What are the advantages/disadvantages of placing drain tile on top of
the footer vs. next to the footing?
I ask as I am getting a lot of water under my basement the past couple
of years and my sump pump runs much more frequently than it used to.
Water is seeping into my sump pit via a rift which has been created
just below point where the interior drain (from under my basement) is
located. The point where the water is entering my sump pit is 8"
below the floor of my basement. My perimeter drain is not connected
to the sump pit, but rather to a drain pipe which daylights down a
hill behind my house.
Of interest is the fact my perimeter drain does not appear to be
capturing any appreciable water as there is not any flow out the end
of the connected drain pipe. This drain pipe has adequate slope from
the point it ties into the perimeter drain and I recently dug down to
ensure the "tee" (perimeter drain to drain pipe) had not been
compromised. It was in working order and when I ran a hose onto the
exposed drain tile, the water did flow nicely out the drain pipe.
Is it possible that surface water is working its way under my footers
and bypassing the drain tile (perhaps due to its location on top of
the footers and not next to them)?
As noted earlier, the point where water is entering my sump pit is 8"

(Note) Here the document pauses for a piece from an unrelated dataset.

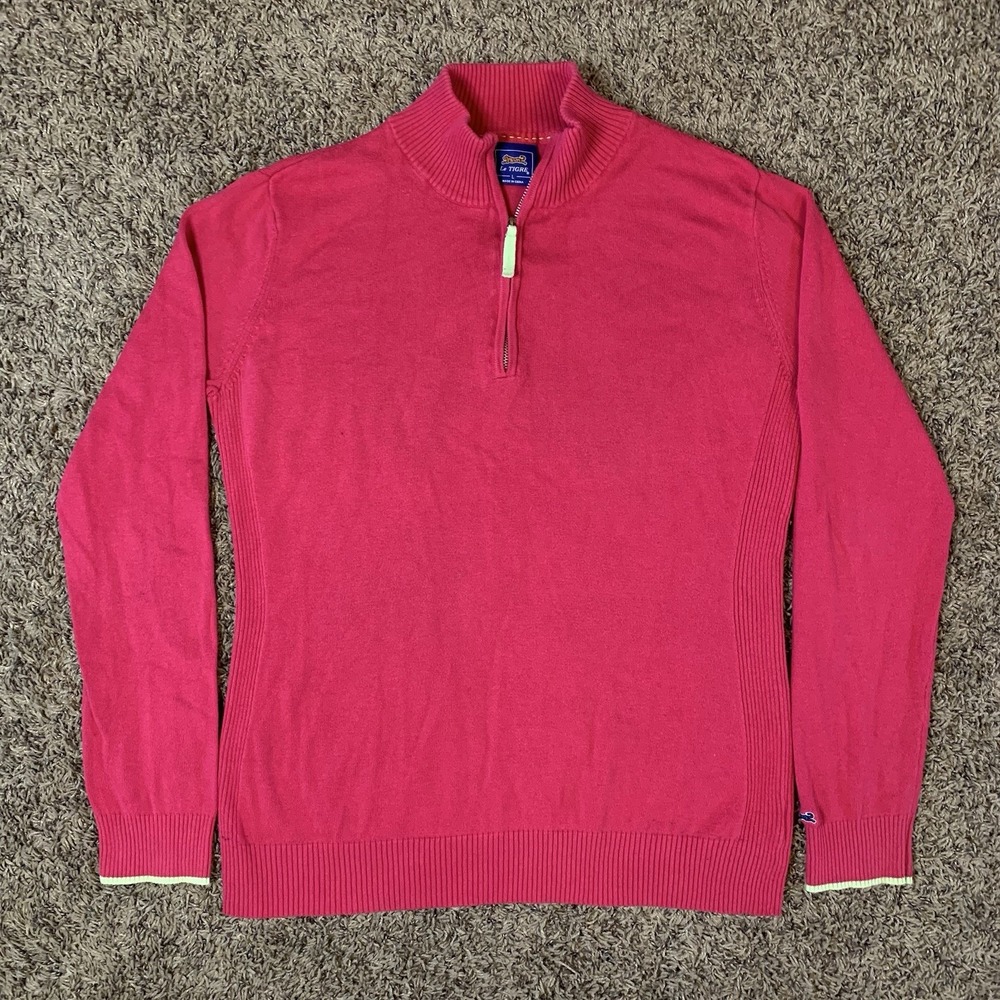 Le Tigre Sweater Womens Large Pink 1/4 Zip Sweatshirt Classic Pullover
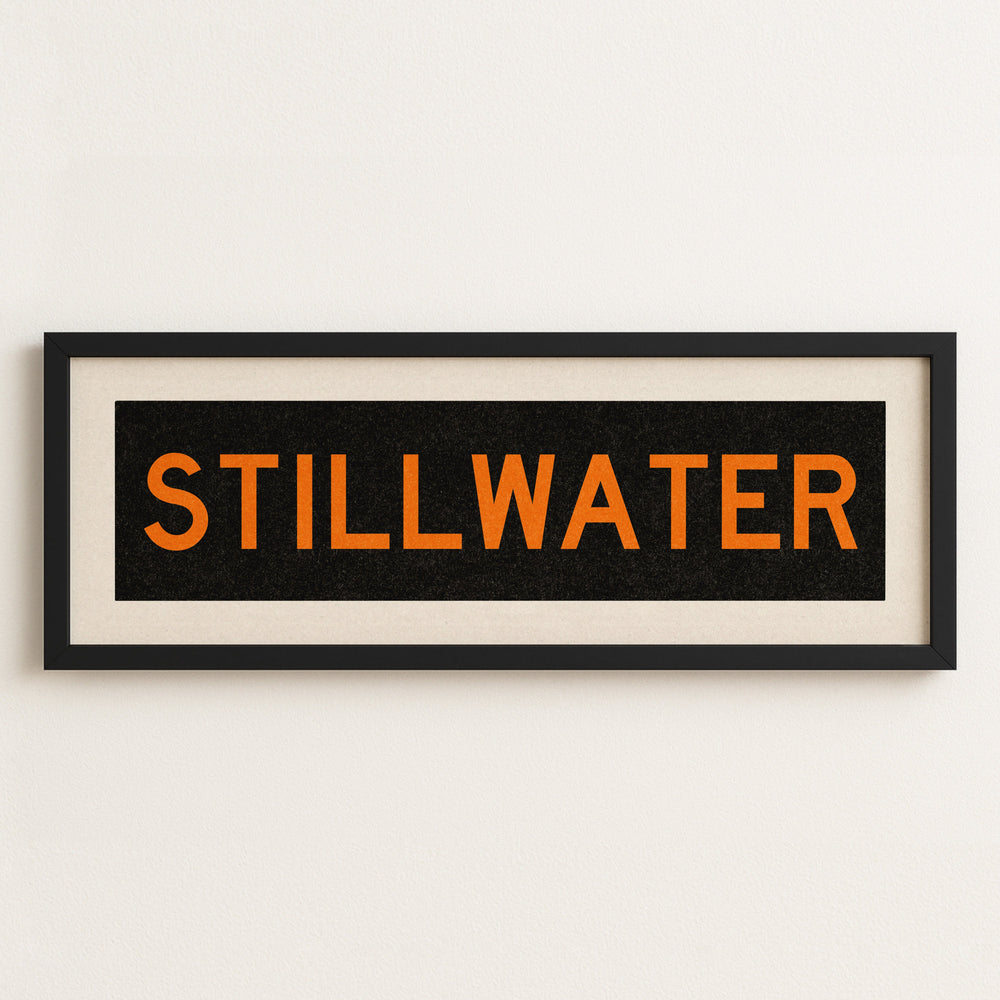 Framed Stillwater Orange Bus Scroll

below the floor. The drain tile (from the interior drain) is above
this point. If I unplugged my sump pump, presumably allowing the
water level to rise, would (should, actually) the interior drain below
the basement floor and the exterior perimeter drain begin to capture
the water (I understand the interior drain would feed water into the
sump pit)? I believe the perimeter drain is above that 8" water entry
point-- in its position on top of the footers.
The water table in my area is very high-- reportedly 19" higher than
normal due to excessive precip over the past several months. My sump
pump cycles more frequently after a heavy rain (once every ten minutes
or so), peaking about 12-18 hours after the rain has ended and taking
five or so days to return to a level where it might run once every 2-3
hours, assuming dry weather during this period. I wonder if I am
partially a victim of excessively wet conditions at the moment or is
there something else contributing?
My sump discharge is well away from the house and my gutter downspout
extensions are buried and daylight 20'+ away. The grading around a
couple of portions of the house is not the greatest, but I would have
thought the perimeter drain would capture some/all of the surface
water in these areas (back to my original question).
On a related note, I have considered the idea of having a pipe
microtunneled from behind my property (large hill) under my foundation
and connecting to the bottom of my sump pit. Assuming the technology
is such that the tunneling accuracy would result in the pipe arriving
at the bottom of my sump pit and not somewhere else, I can not think
of any negatives associated with this strategy. It would daylight
down a hill and the sump pump would then essentially serve as a safety
valve in case a critter or something temporarily created a blockage in
the hard pipe.
I appreciate any input related to the number of different things going
on with my particular situation.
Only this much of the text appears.